I don’t usually drink alone in bars, but the idea seemed great. Ever since she left, the urge was steadily building. Nothing else I did felt like a proper ending. She lingered. So one night I went out, alone, to a bar, aiming at becoming the idea. I sat and ordered my drink. The experience was nothing like the idea. Quietly wasting away, the first twenty minutes or so were horrendous.
Then he sat down- at least I think he did. I don’t remember, maybe he was already there. I do remember the first thing he said: “How’s your beer?” My beer was excellent- I had become an expert on my beer. Sit alone for twenty minutes (or more?) sipping your beer, and you will be quite primed to describe said beer. So I did. And he listened. It was not a very interesting description.That’s how we got to talking. We talked about where we were, the bar itself, and we talked about our beers. We joked about the news, and the weather, then exchanged tiny best-ofs we’d gathered from our lives. Best jokes heard, best one-liners, best pranks. Best tricks, best stories. We shared and drank some more, and we never asked the other his name. We didn’t talk about what we did, or who we were. We talked about what we thought. There is a difference. The night was long, and in a way it was tiring. It was also a release. Hours later, as the sun started to rise, I thought it prudent to finally get my friend’s name.
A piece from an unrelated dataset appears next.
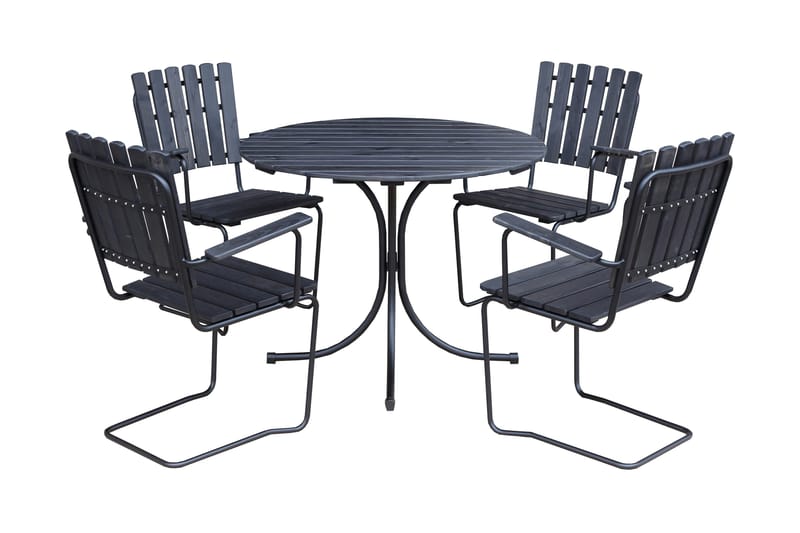 Vaxholm Matgrupp Utomhus Rund, Kaffesvart/Grå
Which is when he suddenly plopped down his final glass, and as if reading my mind, said “No need for names.” We’d gotten into sync with one another. Hours of intense conversation will do that. Then he stretched, got up, and put on his hat. He said something to me then, and I don’t think I’ll forget it. He said, “You know something? I’m not what a lot of people would consider successful, but I love Time. Time and death. I love time, because it means even someone like me is a traveler.” He paused to throw on his scarf.
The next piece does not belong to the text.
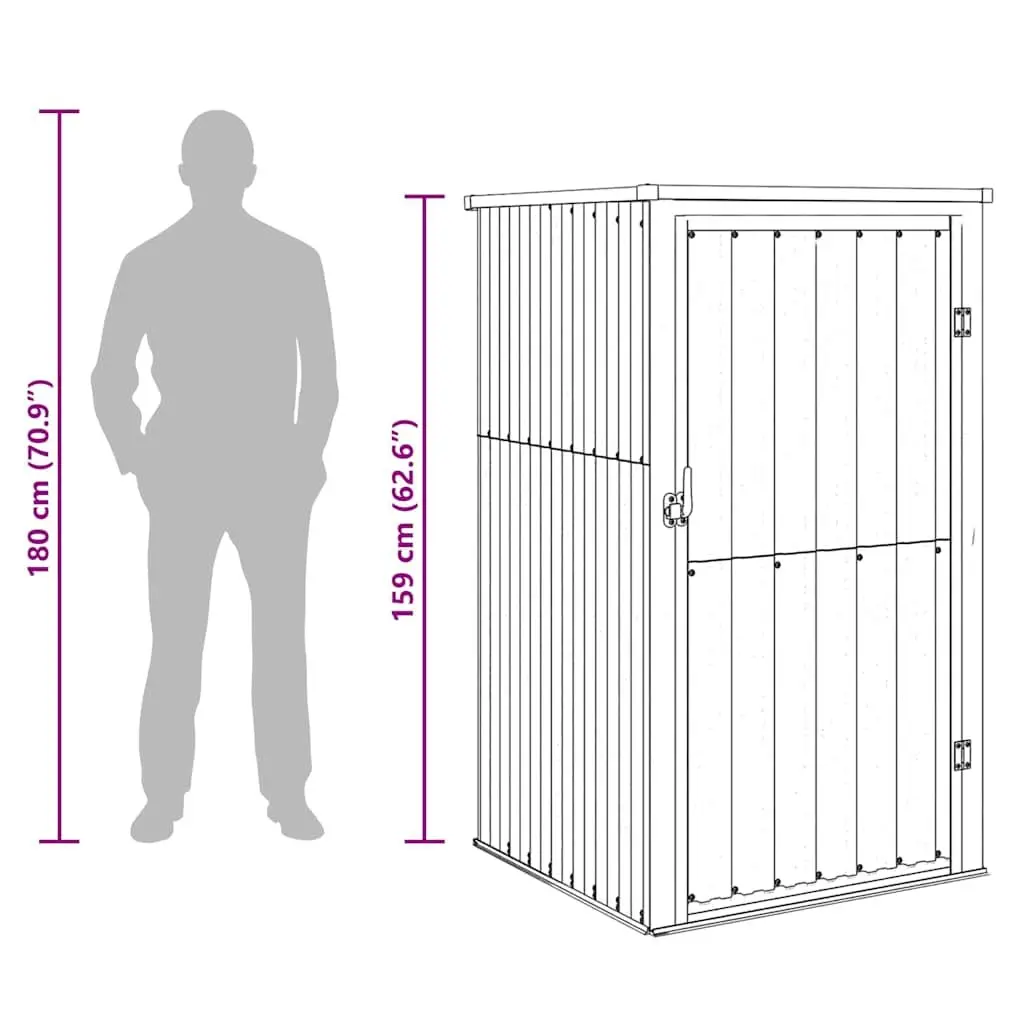 Garden Tool Shed Green 88x89x161cm Galvanised Steel Storage Outdoor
Then he continued, “You know, I had a physics teacher once, and he explained how space and time are cut from the same cloth- fact, they are the same cloth. You and me, we sat here, and we drank, and we talked, and the whole time we traveled. Time keeps you moving, even when it seems like you aren’t.” He put on his jacket.
I asked him, “And death?”
He stopped, his hands in his sleeves, and said “Death is always the end of the line. So it ‘s the journey that matters. Without death, we’d think the destination was the point.” That was the last thing he said to me.
I said “goodbye” to him, and as was my habit, “good luck.” too. Then I went home and slept, and maybe dreamed, perhaps about how far I’d come from who I’d been.